Les conséquences de la fixation d’objectifs irréalisables
La Cour de Cassation, rappelle dans un arrêt en date du 6 octobre dernier, que la fixation d’objectifs irréalisables peut justifier la rupture du contrat aux torts de l’employeur.
Dans cette affaire, une salariée occupant les fonctions d’ingénieur commercial a sollicité la résiliation judiciaire de son contrat de travail avant d’être licenciée quelques mois plus tard pour insuffisance professionnelle.
L’entreprise l’employant avait largement modifié le plan de commissionnement des commerciaux ce qui avait eu pour conséquence de faire fortement baisser la part variable de leur rémunération. Afin de corriger artificiellement ce nouveau plan, l’entreprise avait eu recours à un système de bonus mais en fixant des objectifs qui n’étaient pas réalisables. La Cour de cassation considère alors que la salariée a pu en déduire un manquement d’une gravité suffisante rendant impossible la poursuite du contrat de travail, justifiant ainsi la résiliation judiciaire aux torts de l’employeur.
Soc. 6 octobre 2016 n° 15-15672
La CFTC Cadres en profite pour rappeler que juridiquement, les objectifs peuvent relever de l’employeur et de ses choix de gestion. Il peut en effet fixer seul les objectifs d’un salarié, sans les négocier avec lui (mais il peut aussi décider de les contractualiser après une négociation avec le salarié). Dès lors que les objectifs sont fixés unilatéralement par l’employeur, celui-ci peut également les modifier unilatéralement. Cependant, ces objectifs doivent impérativement respecter certaines conditions :
- Etre réalisables : l’employeur doit fixer des objectifs qui sont atteignables. L’inverse reviendrait en effet à lui permettre de s’exonérer du versement de cette partie variable.

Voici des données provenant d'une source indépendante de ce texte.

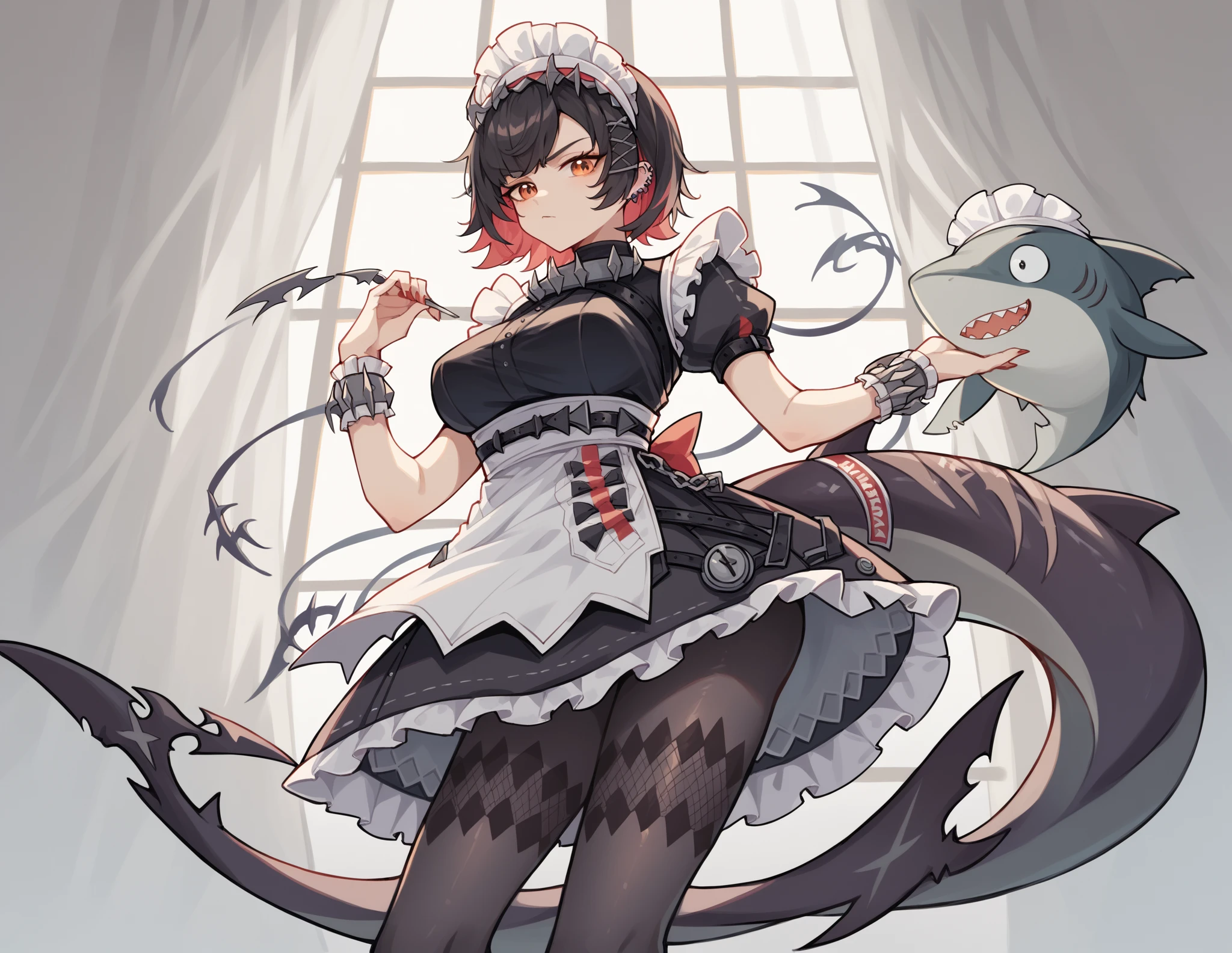 ellen, red eyes, black hair, short hair, colored inner hair, hairclip, ear piercing, fins, shark tail, maid headdress, hair ornament, black dress, puffy short sleeves, choker, frilled dress, high-waist apron, black pantyhose, wrists cuffs, chain, bondage, upside down, gagged, undewater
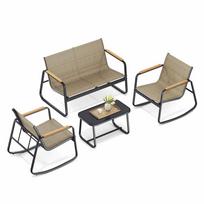 Lauko baldų komplektas SONGMICS GGF0028B01, 2 supamosios kėdės ir stalas, Ruda
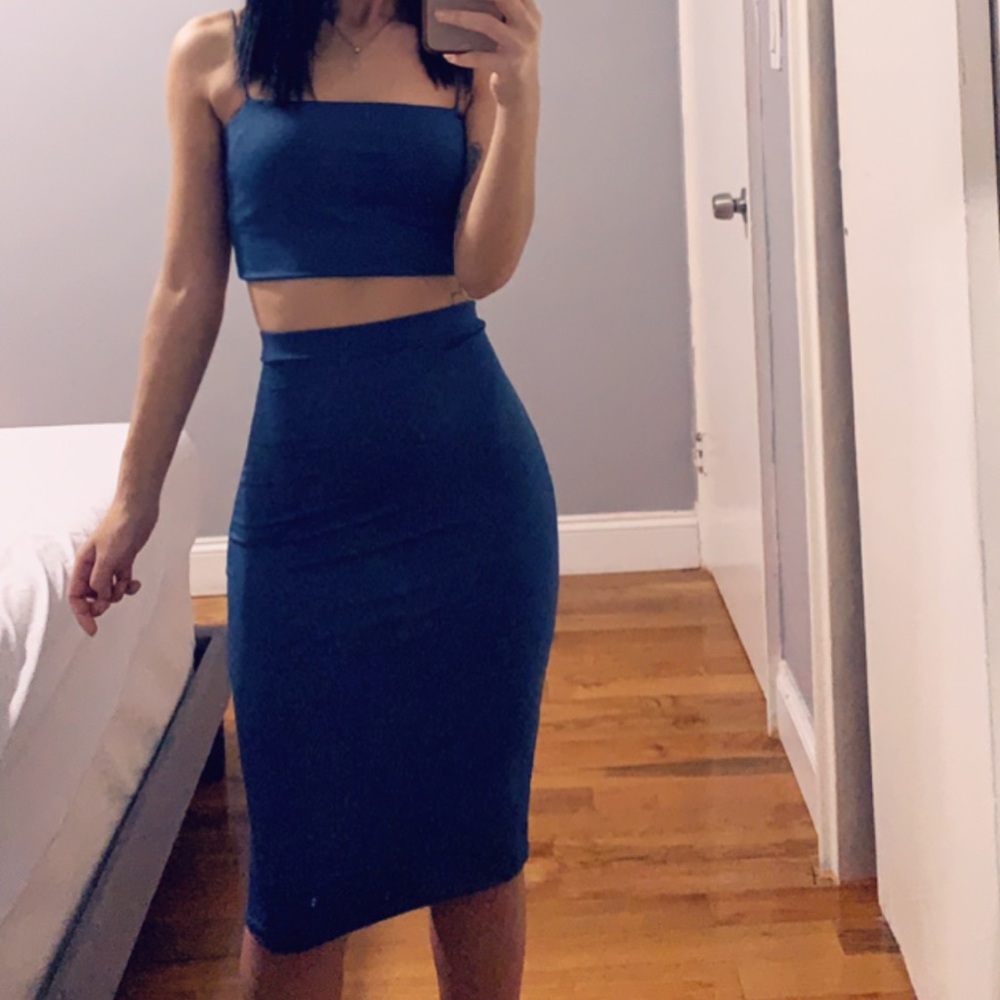 Dark blue two piece skirt set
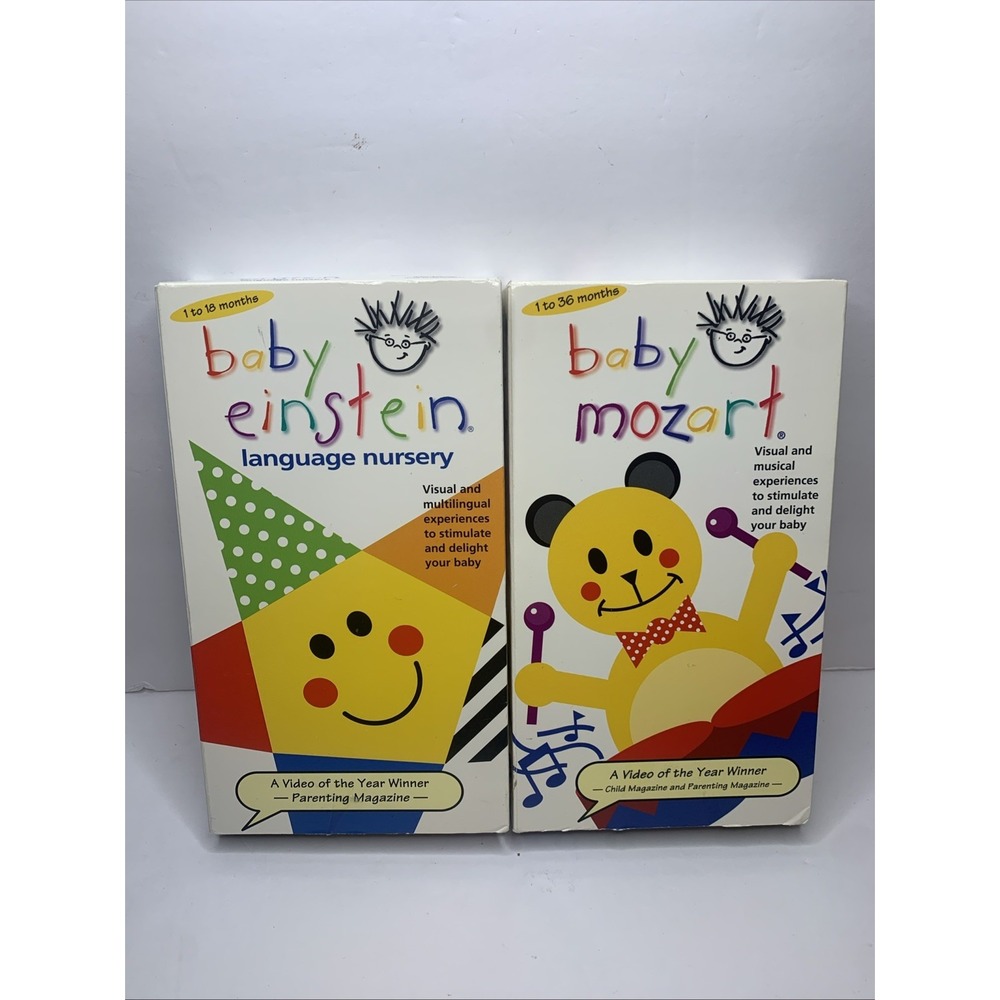 Baby Einstein Language Nursery & Baby Mozart VHS Lot Walt Disney 25968 25969‎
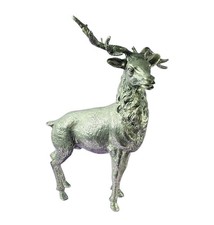 Vintage Silver Plated Stag Statue 11in Tall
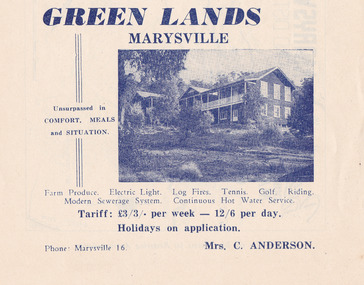 An advertisement for Green Lands guest house in Marysville.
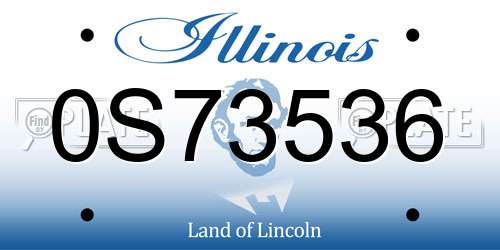0S73536 Illinois License Plate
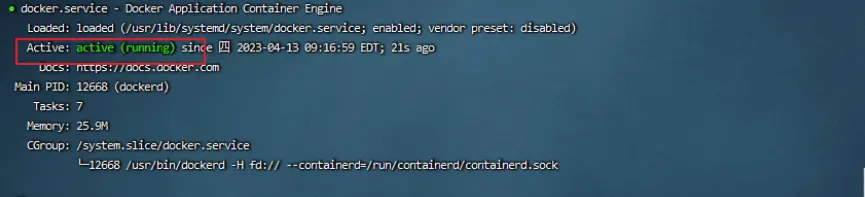 Docker is active
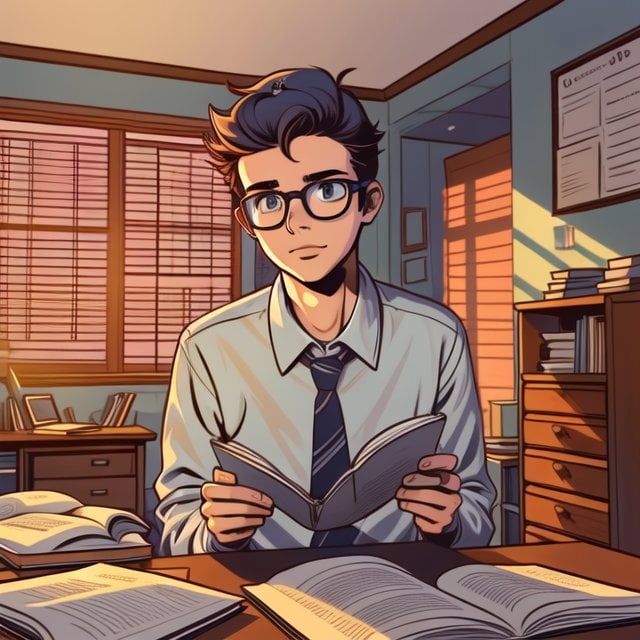 a very studious boy inside the bedroom preparing for his exams which are tomorrow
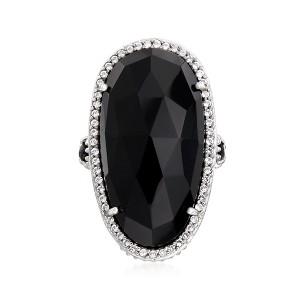 Ross-Simons Black Onyx, 0.40 ct. t.w. Black Spinel and .40 ct. t.w. White Topaz Cocktail Ring in Sterling Silver - 1 of 4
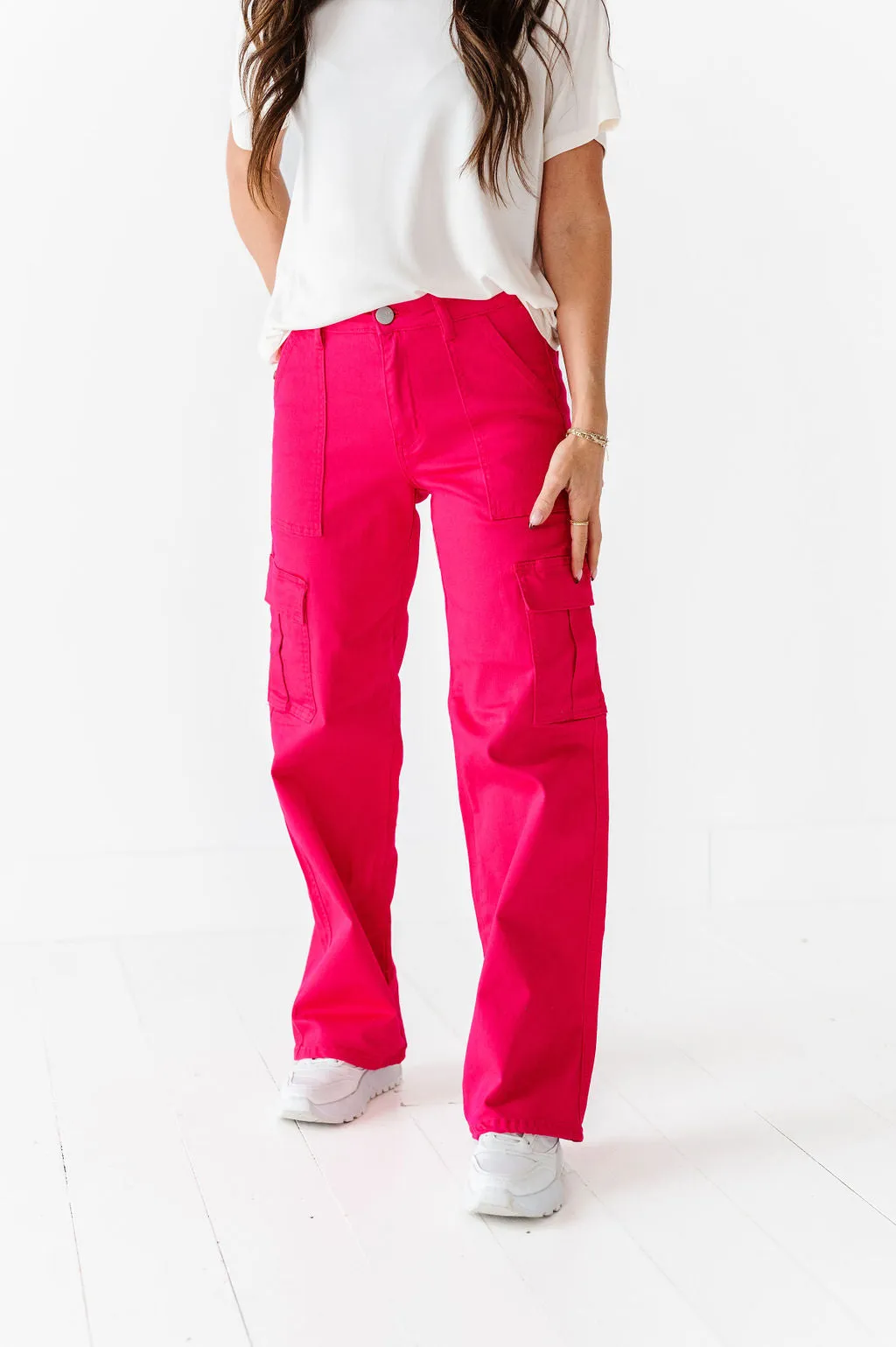 Spencer Cargo Jeans in Magenta - Size XS Left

- Etre portées à la connaissance du salarié en début d’exercice : la transparence est ici essentielle afin de mettre les salariés en mesure de pouvoir remplir les objectifs fixés.
La solution dégagée par la Cour de cassation, dans cet arrêt du 6 octobre, n’est pas nouvelle. En effet, il a déjà été jugé que lorsque les contrats de travail prévoient que la rémunération variable dépend d’objectifs fixés unilatéralement par l’employeur, le défaut de fixation de ces objectifs constitue un manquement justifiant la prise d’acte de la rupture par le salarié, aux torts de l’employeur (Soc. 29 juin 2011 n° 09-65710). Il a également été jugé que le salarié aura droit à l’intégralité de sa rémunération variable annuelle si l’employeur met fin son contrat de travail alors qu’il n’existait aucun moyen concret de calcul, d’objectifs actuels ou passés, et de période de référence pour le versement de la prime (Soc. 10 juillet 2013 n° 12-17921).
Rappelons également que lorsque le salarié est titulaire d’un mandat représentatif, la prime d’objectif doit être adaptée en fonction des heures qu’il consacre effectivement à l’exécution de ses obligations contractuelles. De plus, le montant de sa prime doit être identique à celle prévu pour les autres salariés. Il doit ainsi percevoir pour la partie de son activité correspondant à ses mandats une somme égale au montant moyen de la prime versée, pour un temps équivalent, aux autres salariés.